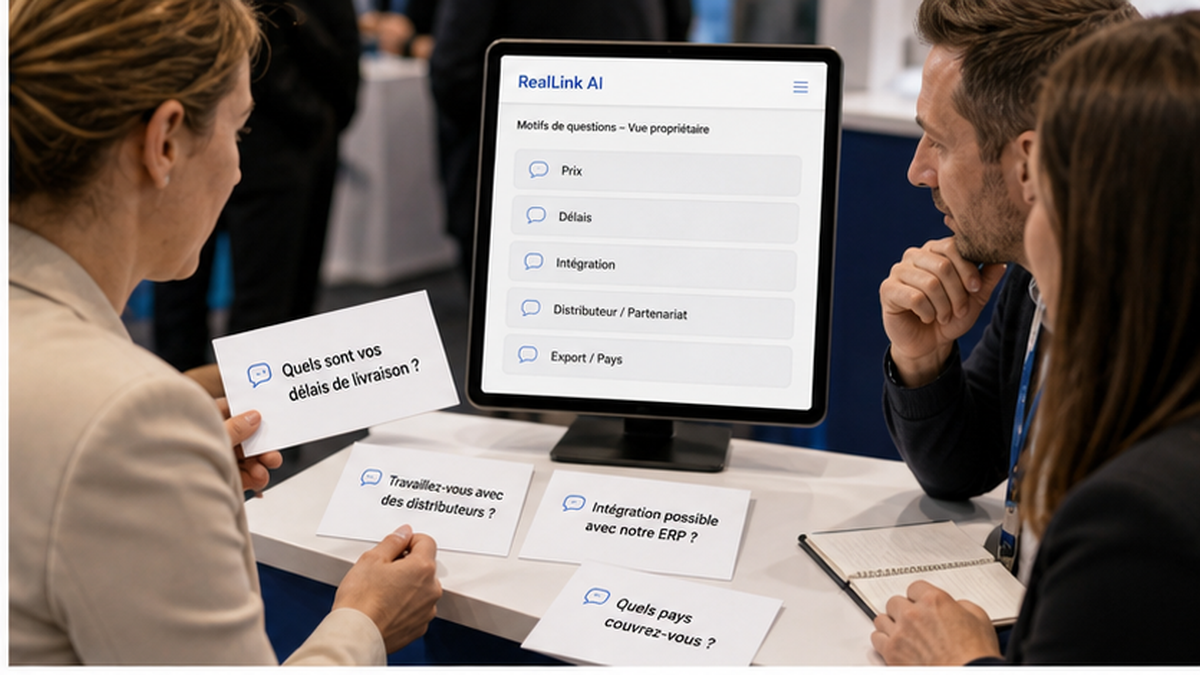 Équipe de salon analysant des cartes de questions visiteurs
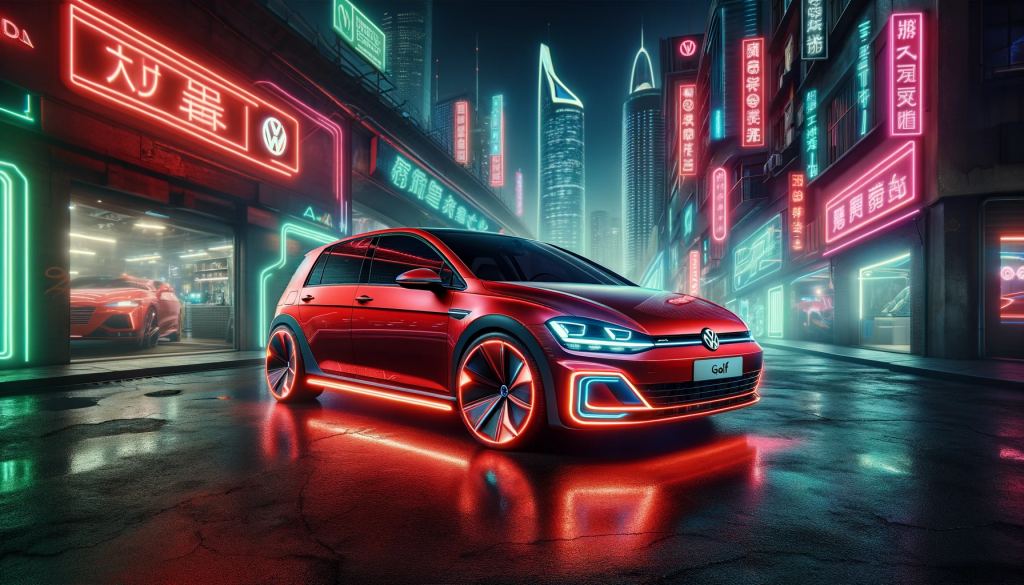 Volkswagen Golf, envisioned as a futuristic electric sports car.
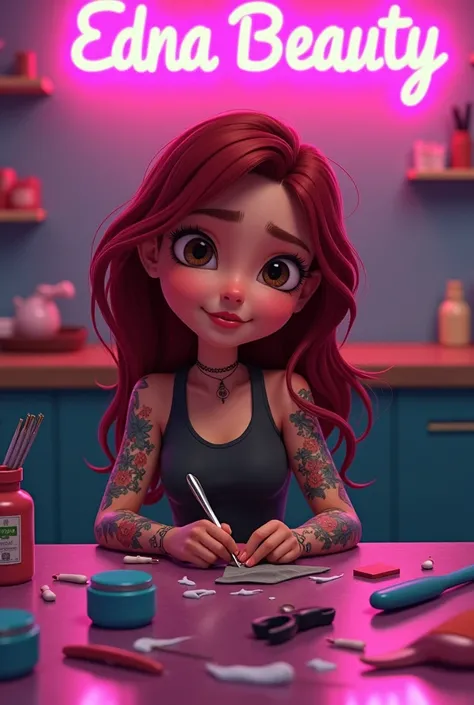 Pixar cover of a lashista girl who shaves eyebrows with loose burgundy red hair, brown eyes, black lenses, arms tattooed in color on a table with her work tools such as tweezers, wax for depilation with a sign that says Edna Beauty in LED lights pink backg...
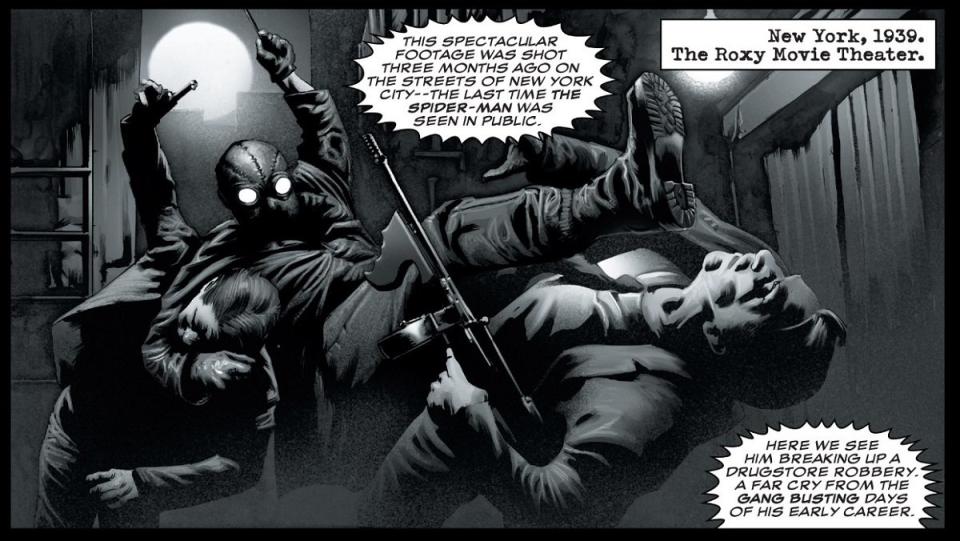 Spider-Man Noir fights thugs in 1039 New York.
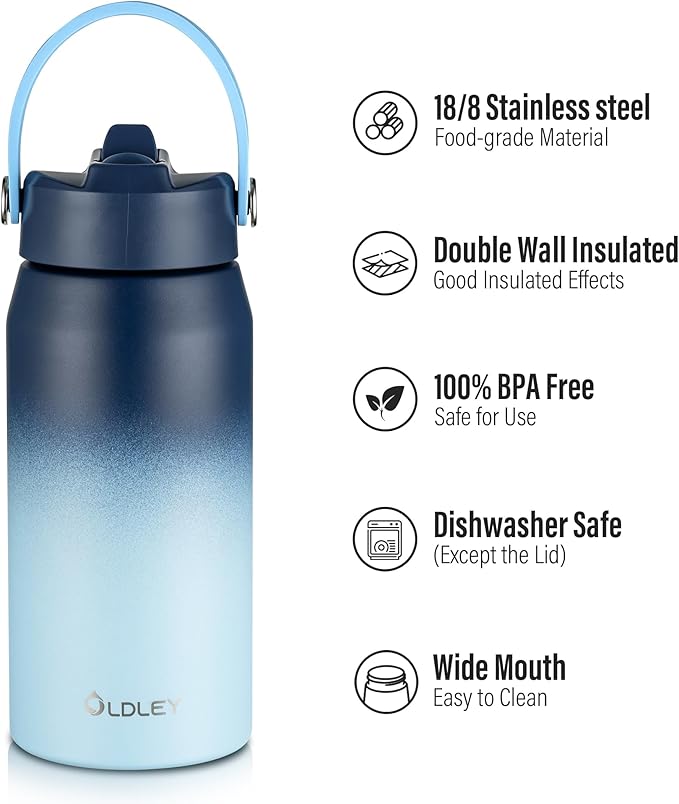 Oldley 18oz Insulated Water Bottle with Straw, Stainless Steel Water Bottle for Sports, Travel, School, BPA-Free Sports Bottles for Adult Kids, Leak-Proof, Blue Gradient
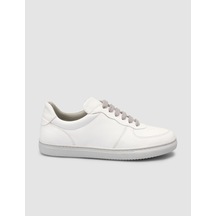 Monamae Beyaz - Gri Detaylı Kadın Sneaker Beyaz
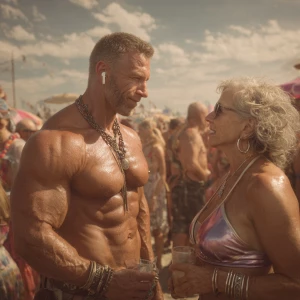 A muscular, beefy, sweaty, dangerous American criminal man talki...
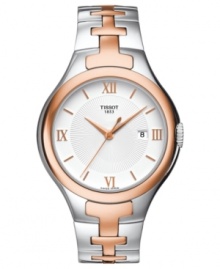 Rose-gold touches bring a sweet allure to this precise timepiece from Tissot.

■ AIM OF THE EXERCISE ■
In the copy, only the lines from the one holding "Pixar cover of" through the end of the listing above should appear, retyped exactly, both ends included, with no pictures.

■ EXERCISE RESPONSE ■
 Pixar cover of a lashista girl who shaves eyebrows with loose burgundy red hair, brown eyes, black lenses, arms tattooed in color on a table with her work tools such as tweezers, wax for depilation with a sign that says Edna Beauty in LED lights pink backg...
 Spider-Man Noir fights thugs in 1039 New York.
 Oldley 18oz Insulated Water Bottle with Straw, Stainless Steel Water Bottle for Sports, Travel, School, BPA-Free Sports Bottles for Adult Kids, Leak-Proof, Blue Gradient
 Monamae Beyaz - Gri Detaylı Kadın Sneaker Beyaz
 A muscular, beefy, sweaty, dangerous American criminal man talki...
 Rose-gold touches bring a sweet allure to this precise timepiece from Tissot.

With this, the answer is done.